To determine the limiting reactant, we need to compare the number of moles of each reactant. We have 0.500 mol of Al(OH)3 and 0.500 mol of H2SO4.
Now, if we look at the balanced equation, we can see that the stoichiometry is 2:1 for Al(OH)3 to H2SO4. That means we need 2 moles of Al(OH)3 for every 1 mole of H2SO4.
Since we have the same number of moles for both reactants, we can conclude that neither of them is in excess. Both Al(OH)3 and H2SO4 are being completely consumed in the reaction.
Now, let's calculate how many moles of Al2(SO4)3 can form. According to the balanced equation, for every 2 moles of Al(OH)3 that react, we get 1 mole of Al2(SO4)3 as the product.

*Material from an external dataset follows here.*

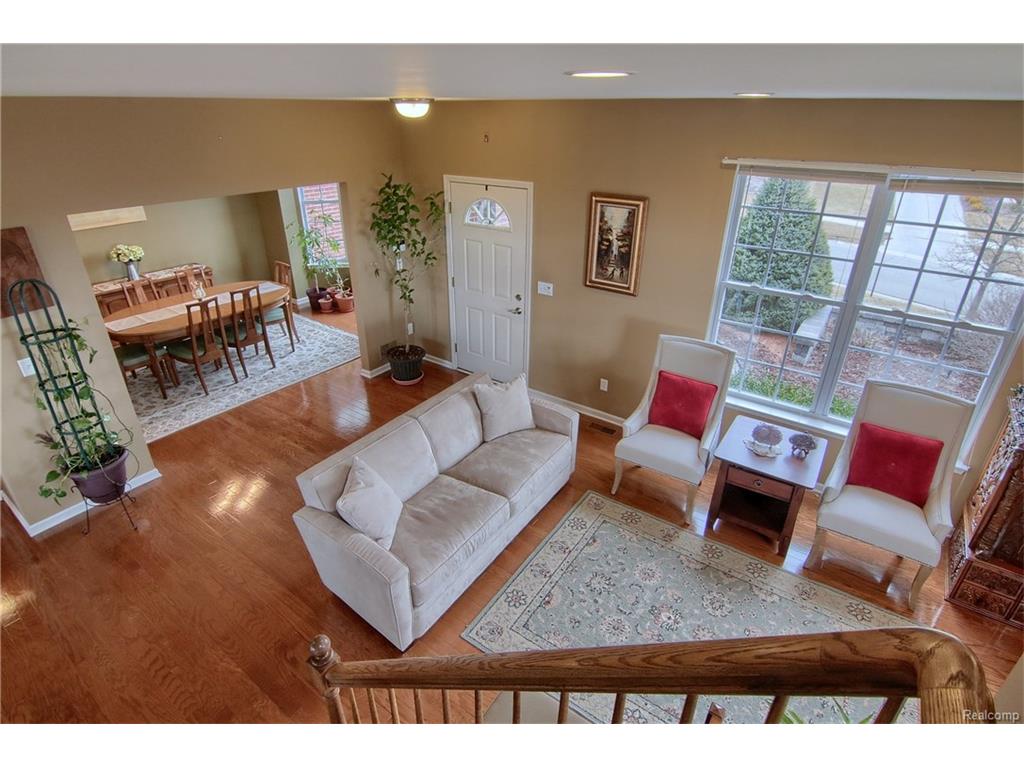 650 Sanders Rd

Since we have 0.500 mol of Al(OH)3, we can form 0.250 mol of Al2(SO4)3.
Lastly, since both reactants are fully consumed, there won't be any excess reactant left after the completion of the reaction. It's like a buffet, but nothing is left on the table!
To recap:
- The limiting reactant is both Al(OH)3 and H2SO4.
- 0.250 mol of Al2(SO4)3 can form under these conditions.

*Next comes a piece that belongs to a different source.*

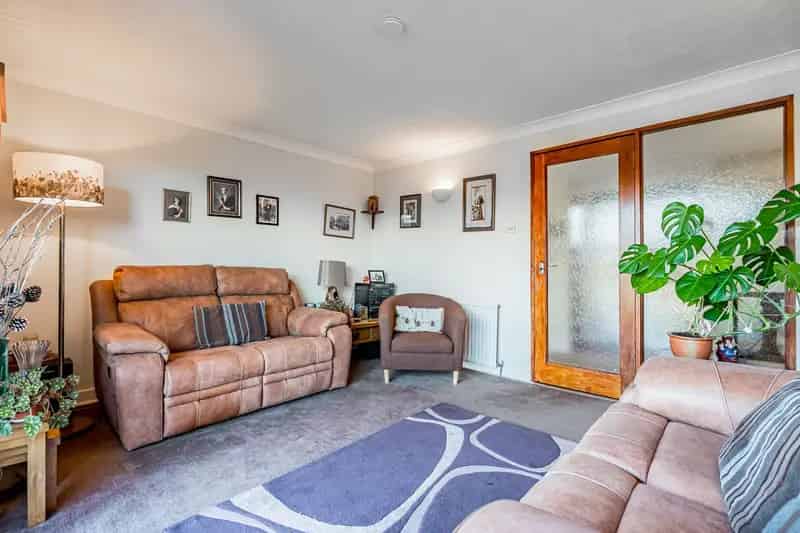 Family Home in Bridge of Allan with Stunning Views and Large Garden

- No moles of the excess reactant remain after the completion of the reaction.
Hope this helps lighten up your chemical calculations! If you have any more questions, I'm here to entertain and inform!
To determine the limiting reactant, you need to compare the number of moles of each reactant to the stoichiometric ratio in the balanced equation.
Given:
- 0.500 mol of Al(OH)3
- 0.500 mol of H2SO4
Step 1: Calculate the stoichiometric ratio
From the balanced equation: 2Al(OH)3 + H2SO4 β Al2(SO4)3 + 6H2O
The ratio between Al(OH)3 and H2SO4 is 2:1.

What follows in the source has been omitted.